Hurricane Michael is expected to make landfall along the Florida Panhandle Gulf Coast on Wednesday.
According to the Weather Channel, Michael has strengthened to a Category 2 and is expected to strengthen further to a Category 3 before making landfall. The storm is expected to cause significant damage including felled trees, structural damage, power outages and flooding.
The Weather Channel reports that Michael will also likely bring heavy rain and strong winds to other parts of the southeastern United States after it moves inland.
Currently Michael is about 395 miles south of Panama City, Florida, and is moving north-northwest.
Hurricane warnings have been is issued for the Florida Gulf coast from the Alabama-Florida border to the Suwanee River and to southwestern Georgia. Other areas such as Charleston, South Carolina and Savannah, Georgia are preparing for tropical storm conditions.
Storm surge watches have also been issued for areas near the Anclote River in Florida, to Anna Maria Island, Florida. This includes Tampa Bay, and is from the Alabama/Florida border to the Okaloosa/Walton County line in Florida.
The National Hurricane Center says water levels on the Florida Gulf coast could reach up to 12 feet in some areas if the surge arrives during high tide. Indian Pass to Cedar Key is predicted to have the greatest storm surge at eight to 12 feet. Cedar Key to Crystal River and Okaloosa/Walton County line to Indian Pass follow closely behind with storm surges of six to eight and six to nine feet.
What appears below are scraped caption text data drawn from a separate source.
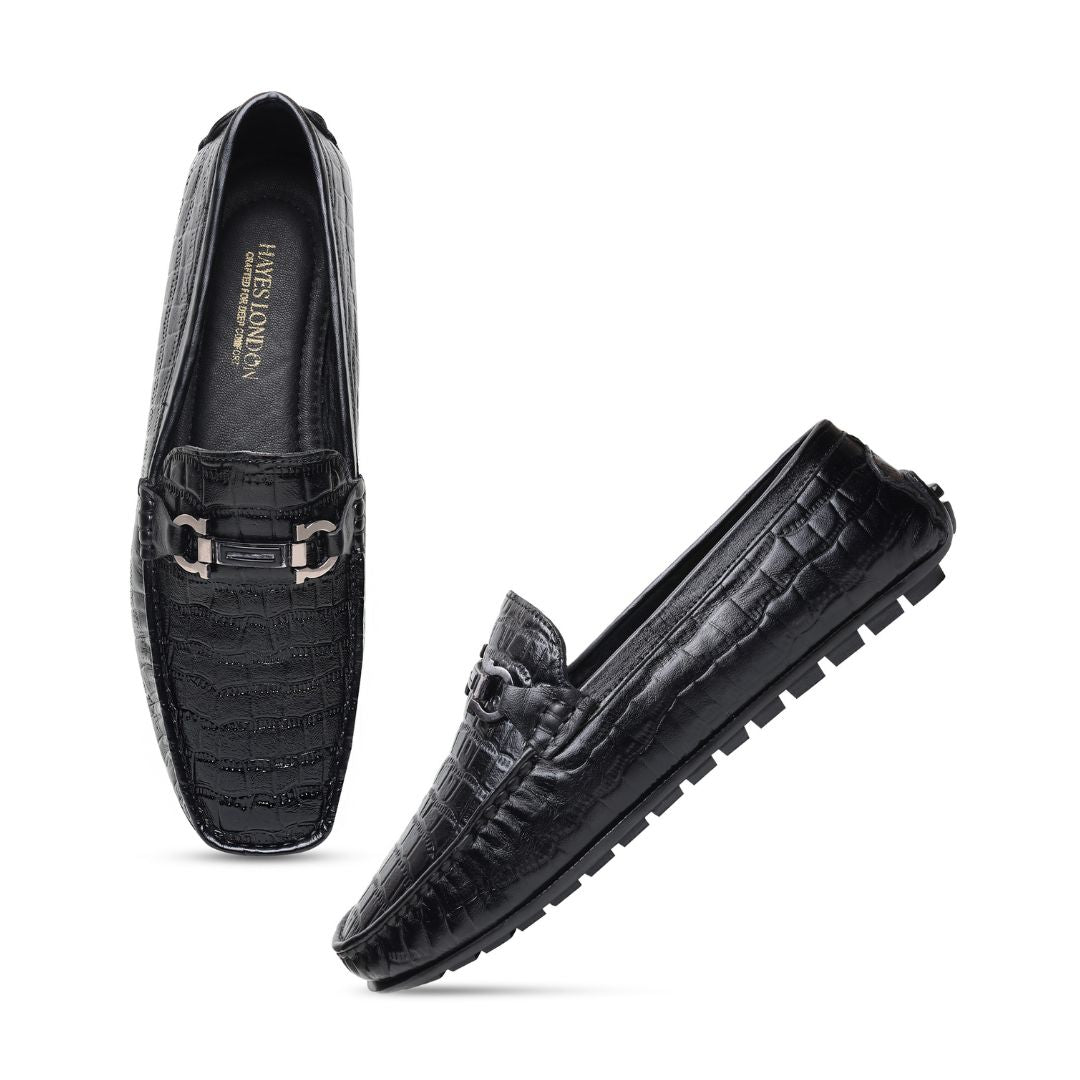 Hayes London | Cruze Driving Loafers – Black Croco Genuine Leather Men’s Shoes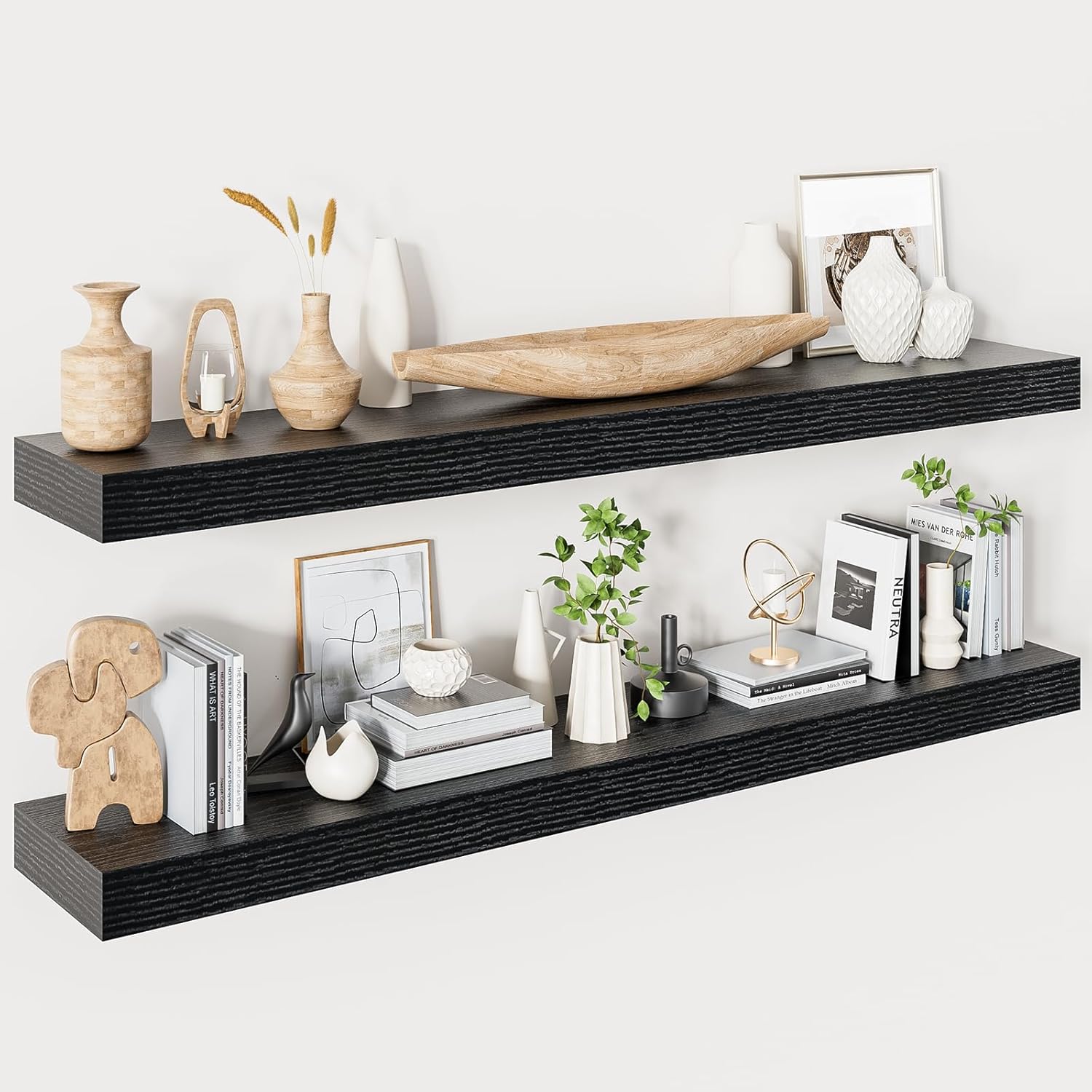 Heimlove Floating Shelves for Wall 48 Inches Long,9.3" Deep Black Floating Shelf Set of 2,Wall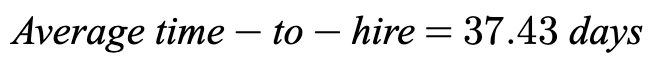 equation depicting the average time to hire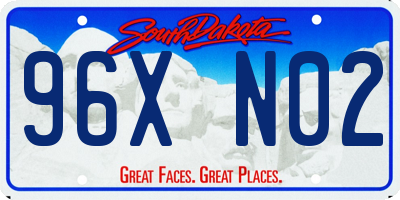 SD license plate 96XN02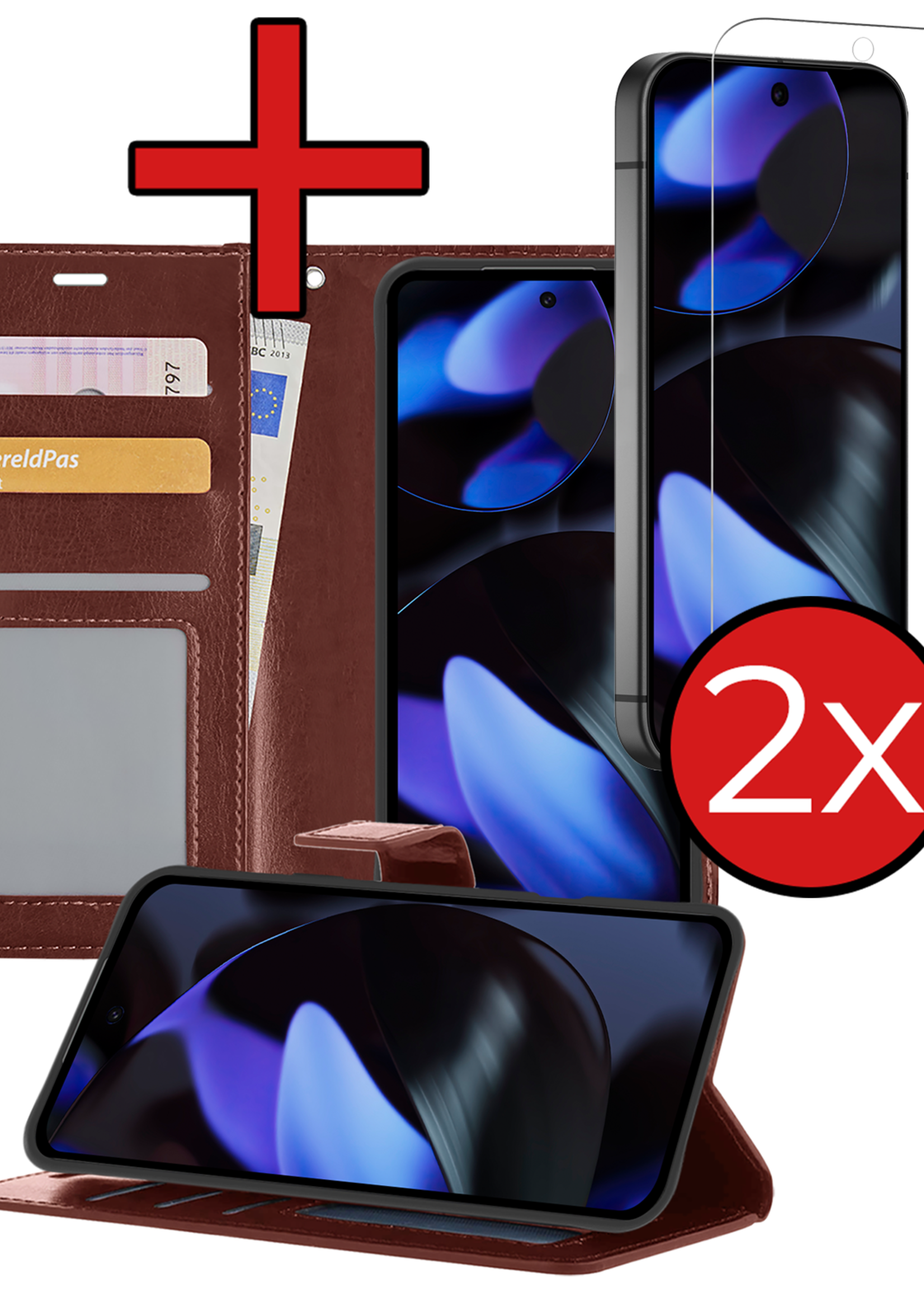 BTH Hoesje Geschikt voor Google Pixel 9 Hoesje Book Case Hoes Portemonnee Cover Walletcase Met 2x Screenprotector - Hoes Geschikt voor Google Pixel 9 Hoes Bookcase Hoesje - Bruin
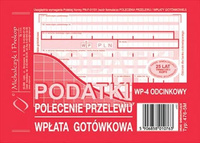 Podatki Polecenie przelewu-wpłata gotówkowa 4 odcinkowe A6 oryginał + 3 kopie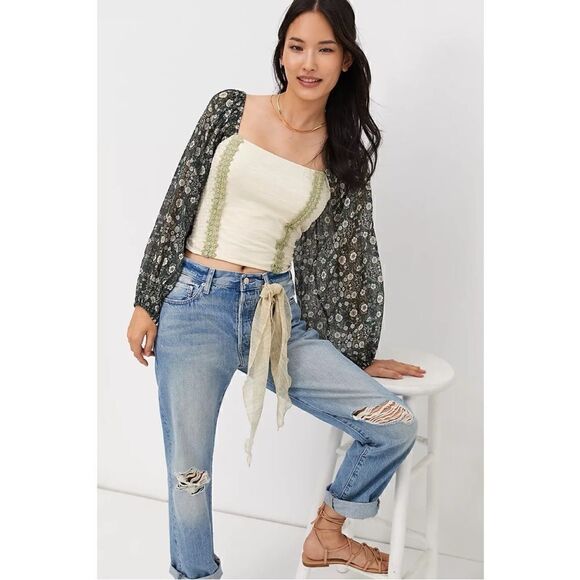 NEW Anthropologie Forever That Girl Smocked Embroidered Lace-Up Top Medium - Picture 3 of 7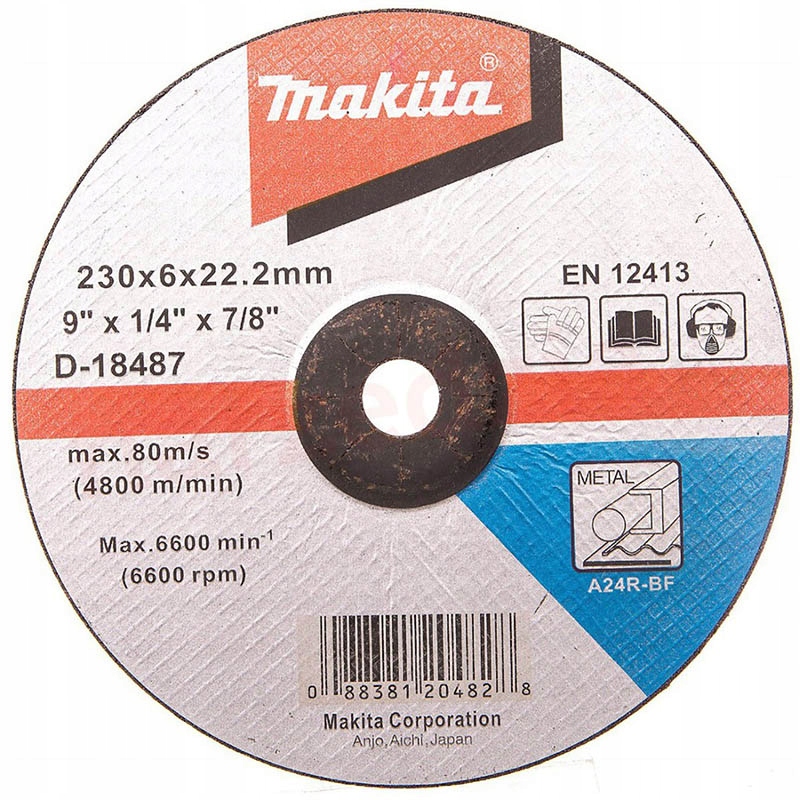 

Tarcza do szlifowania metalu Makita 230 x 6 x 22mm
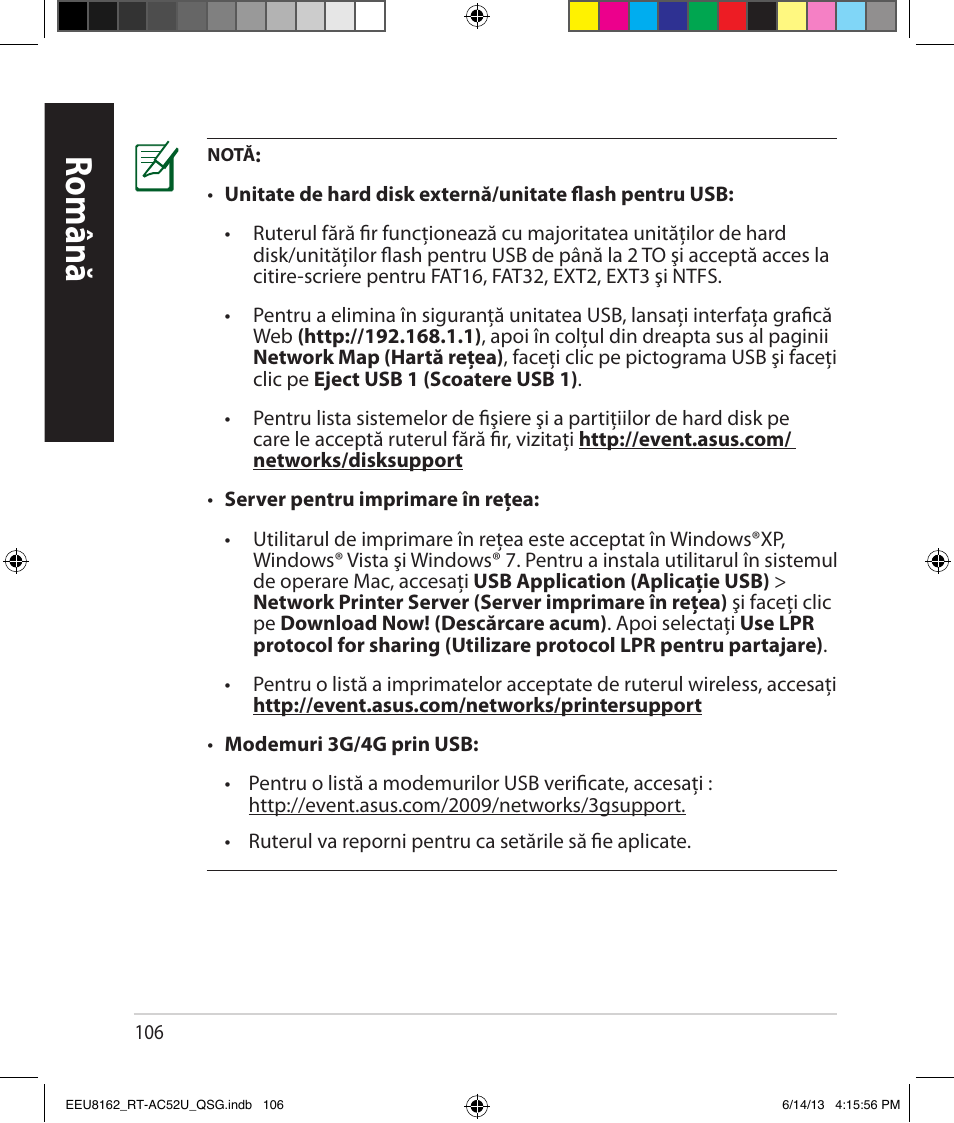 Română | Asus RT-AC52U User Manual | Page 103 / 220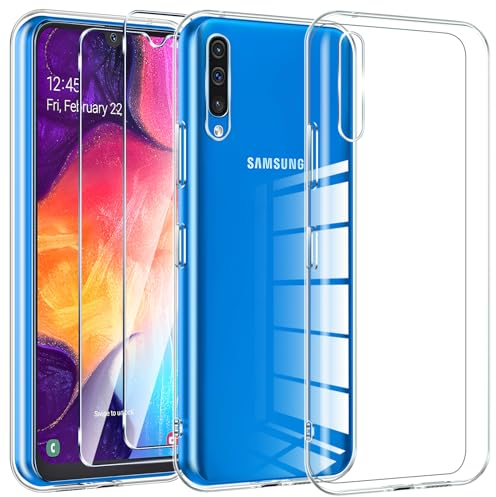 Kokio Crystal Clear Handyhülle für Samsung Galaxy A50/A50S mit 2 Stück Schutz Glas,Ultra Dünne Weiche Transparente TPU Silikon Schutzhülle,Vergilbungshemmende Kratzfeste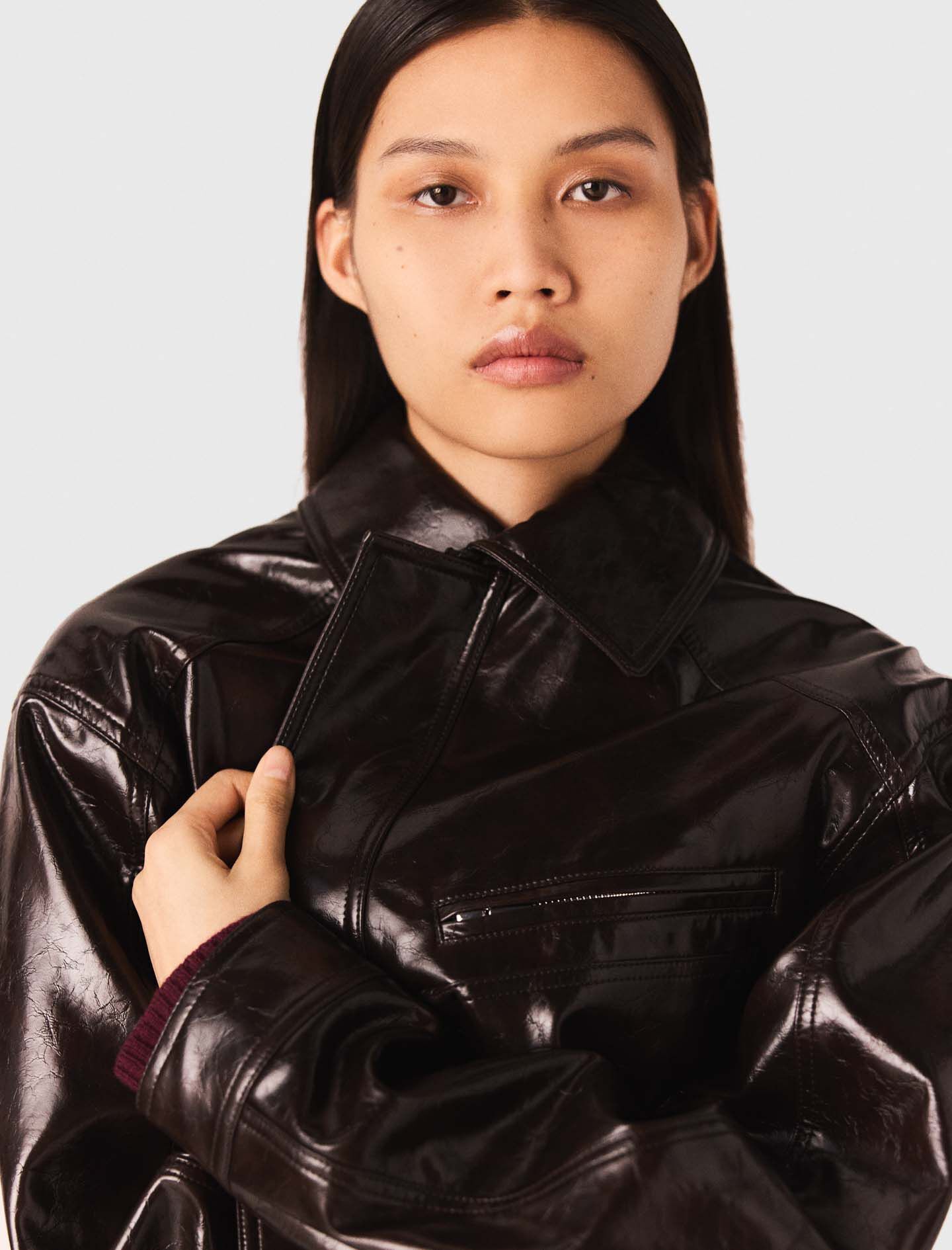 Crackled faux leather jacket Brown For Women | Maje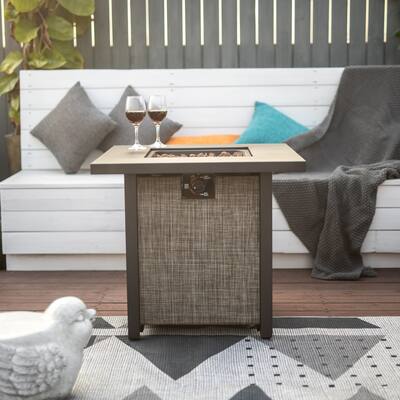 Square Fire Pit Table with Textilene Side Panel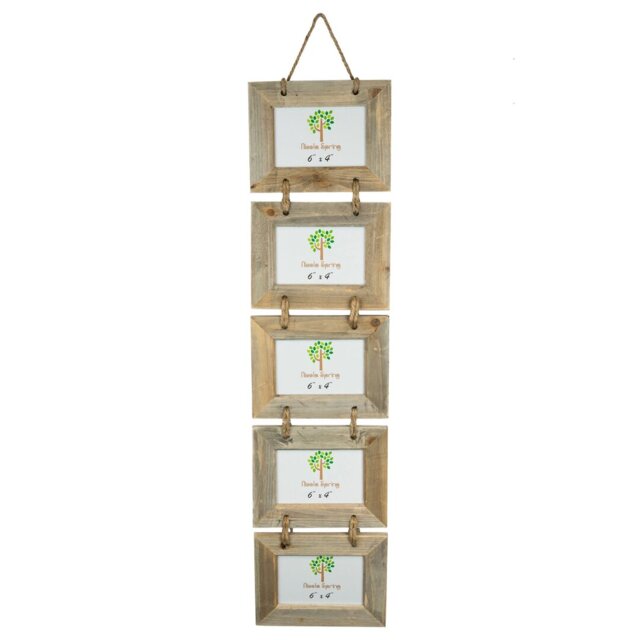 "Nicola Spring - Rustic Wooden Hanging 5 Photo Frame - 6 x 4"""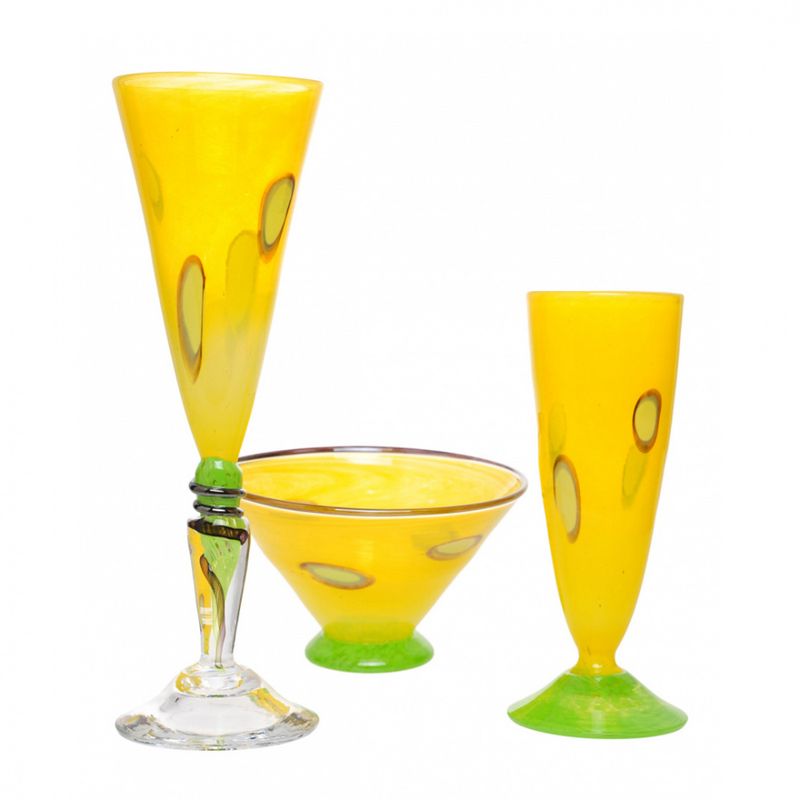 Kunstglass - cirkus - skål - hvit - liten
Other areas, including Crystal River to Anclote River, Anclote River to Anna Maria Island, including Tampa Bay and Navarre to Okaloosa/Walton County line have significantly smaller amounts of water predicted, ranging from two to six feet in some areas.
According to CNN, both the American and European models are in agreement on the storm’s trajectory, predicting that when the storm makes landfall it could have sustained winds over 120 mph.
At this time government officials have declared states of emergency in Florida, Georgia and Alabama.